Die aktuelle Studie baut auf einem Ergebnis aus dem letzten Jahr auf, wonach Kinder, die in Waisenhäusern aufwachsen, insgesamt weniger graue Substanz hatten.

Diese Studie zeigt den Ort dieser Unterschiede auf. Die wichtigsten Veränderungen betrafen Bereiche des Gehirns im Zusammenhang mit dem Arbeitsgedächtnis und der Aufmerksamkeit.

Forscher sagen, dass die Gehirnscanbilder mehr als 75 Prozent der Unterschiede in den Symptomen von ADHS zwischen Kindern erklären können, die Zeit in Einrichtungen verbracht haben oder nicht.

Eine kortikale Ausdünnung wurde bei Kindern beobachtet, die die Einrichtung bereits im Alter von acht Monaten verließen.

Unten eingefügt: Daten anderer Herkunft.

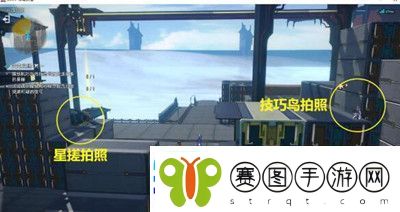 天空之眼冒险任务完成方法介绍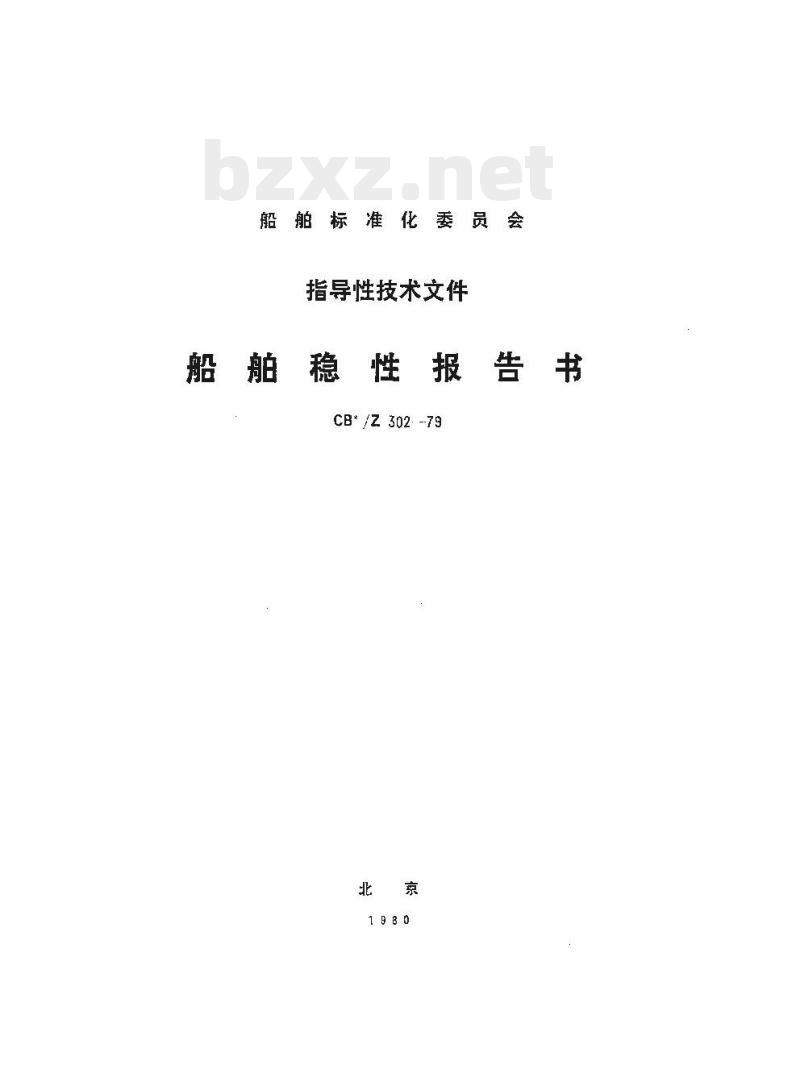 CB/Z 302-79 船舶稳性报告书
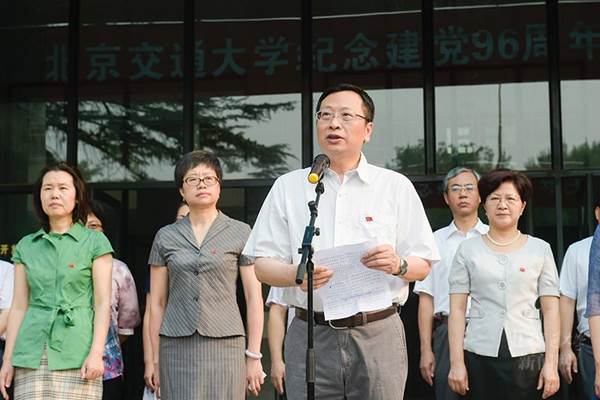 http://news.bjtu.edu.cn/__local/7/C5/A9/13BB97349CF809C98E4AFBEAEC1_31760684_10055.jpg
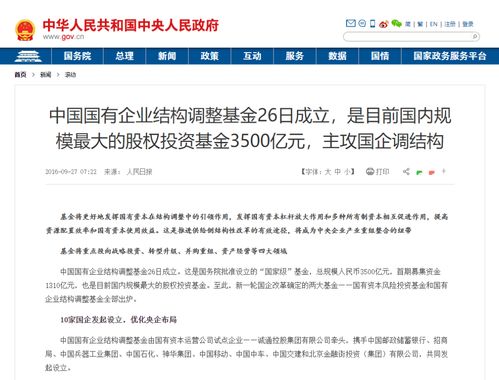 新希望:关于与央企基金和欠发达基金共同设立合资公司并由其购买和新设孙公司的公告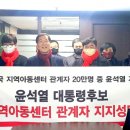 아이들세상지역아동센터 이미지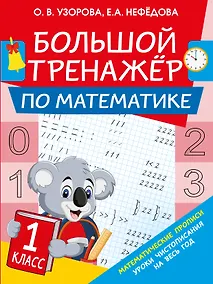 Купить Большой тренажер по математике. 1-й класс — Фото №1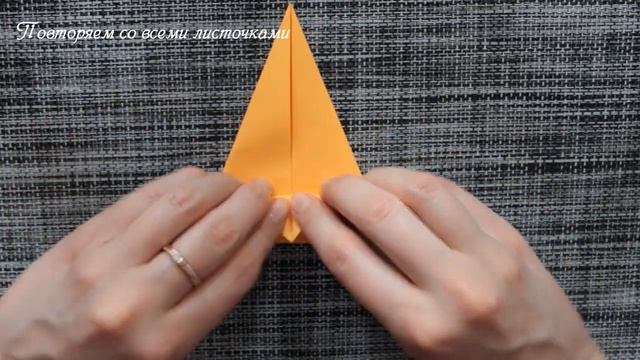 Как сделать КОРОНУ из БУМАГИ // CROWN FROM ORIGAMI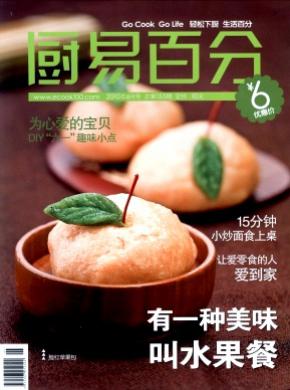 《上海調(diào)味品》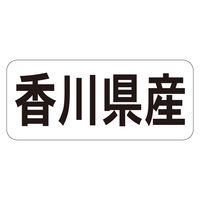 ササガワ 鮮魚ラベル シール 香川県産ヨコ 41-20712 1セット：5000片（1000片袋入り×5冊）（直送品）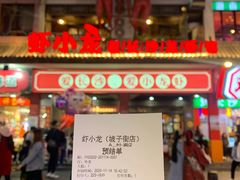 门面-虾小龙老长沙龙虾馆(坡子街店)
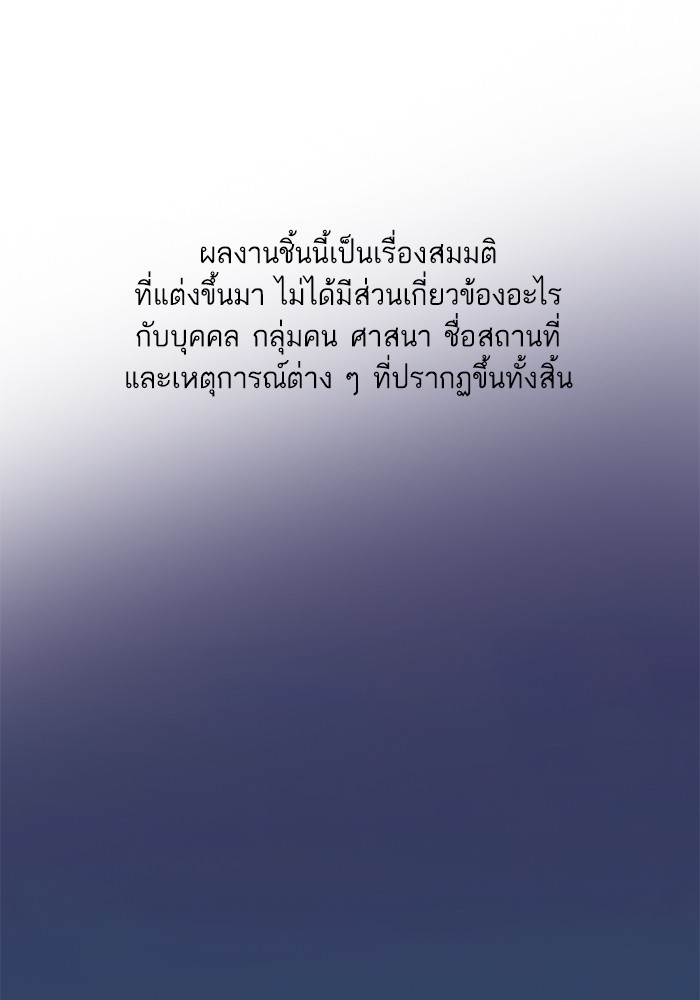 The Chaebeol’s Youngest Son (Reborn Rich) ตอนที่ 80 — หน้า 1 จาก 121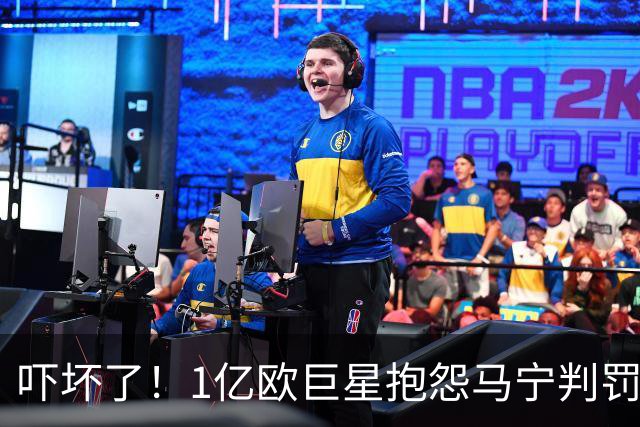 吓坏了！1亿欧巨星抱怨马宁判罚，被马宁点名叫过来，赶忙赔不是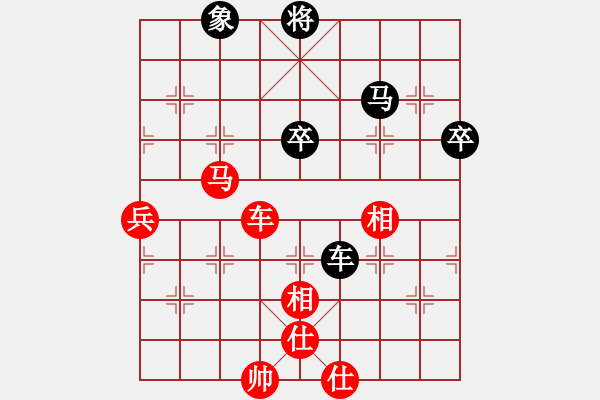 象棋棋譜圖片：唯一的第一(日帥)-勝-獨火星孔亮(人王) - 步數(shù)：110 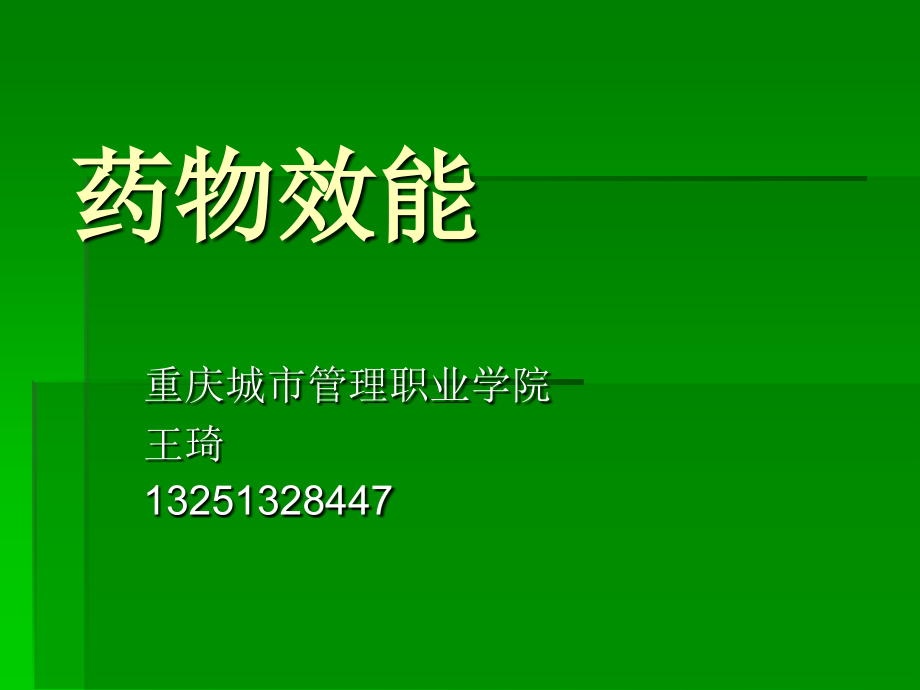 药物效能第一章总论 ppt课件_第1页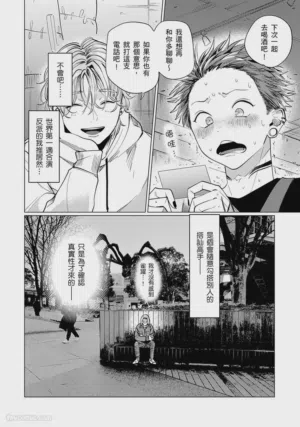 第19页图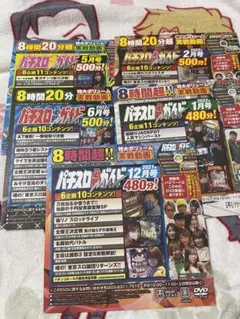 パチスロDVD5枚セット パチスロ必勝ガイドMAX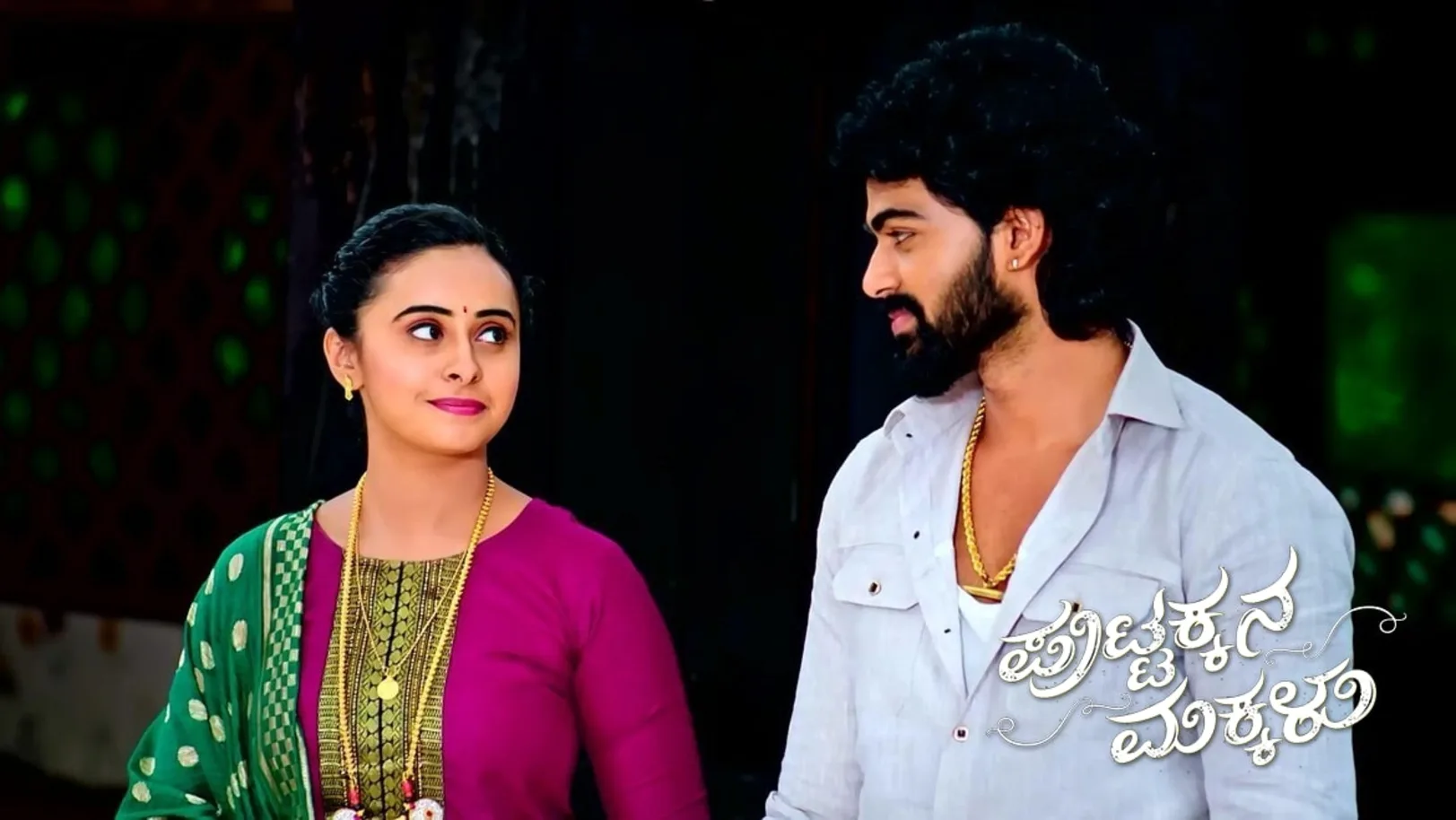 Puttakka Agrees to Celebrate the Ganesh Festival Episode 481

Die Forscher fanden auch heraus, dass je dünner das Gehirngewebe ist, desto mehr Symptome von Unaufmerksamkeit und Impulsivität zeigten die Kinder.

Die Forscher fanden keine Unterschiede im Volumen der subkortikalen Strukturen. Es wurde kein signifikanter Unterschied zwischen Mädchen und Jungen festgestellt, die ungefähr gleich stark vertreten waren.

Als die Studie im Jahr 2000 begann, blieben einige der kleinen Kinder in Einrichtungen. Andere wurden von Pflegefamilien adoptiert, die vom Forschungsteam ausgewählt und geschult wurden, um zu versuchen, die Auswirkungen der frühen Vernachlässigung umzukehren.

Von den Kindern in der Studie, die Zeit in einer Einrichtung verbracht haben, zeigt die neue Studie kaum Unterschiede in der Gehirnstruktur zwischen den 31, die länger blieben, und den 27, die vor ihrem dritten Geburtstag eine qualitativ hochwertige Pflege erhielten.

"Es ist überraschend und ein wenig enttäuschend", sagte McLaughlin. Die meisten in der Studie gemessenen Merkmale wurden bei den zur Pflegefamilien verlegten Kindern dramatisch verbessert.

"Es ist einer der wenigen Bereiche [des Verhaltens], in denen Sie keine Verbesserungen sehen", sagte McLaughlin.

Die Forscher können nicht genau bestimmen, welche Bedingungen die Gehirnentwicklung verändert haben. Babys in den Einrichtungen hatten ihre körperlichen Bedürfnisse erfüllt, aber es fehlte ihnen an Sozialisation, Sprachausgabe, menschlicher Berührung und emotionaler Bindung an ihre Pflegekraft.

Zukünftige Forschungen werden versuchen herauszufinden, welche Reize in welchem ​​Alter für die Entwicklung des Gehirns am wichtigsten sind.

"ADHS hat viele verschiedene Ursachen und kann oft behandelt werden", sagte McLaughlin. Diese Studie befasste sich nur mit dem Zusammenhang mit Kinderentzug.

Die Ergebnisse sind für andere Länder von Bedeutung, beispielsweise für diejenigen in Afrika, in denen Waisenhäuser und Einrichtungen immer häufiger eingesetzt werden. Die Ergebnisse können auch für weniger extreme Vernachlässigungssituationen relevant sein.

"Die Beachtung sehr frühzeitiger Pflegeumgebungen sollte eine wichtige Priorität für die öffentliche Gesundheit sein, insbesondere für verlassene oder verwaiste Kinder", sagte McLaughlin.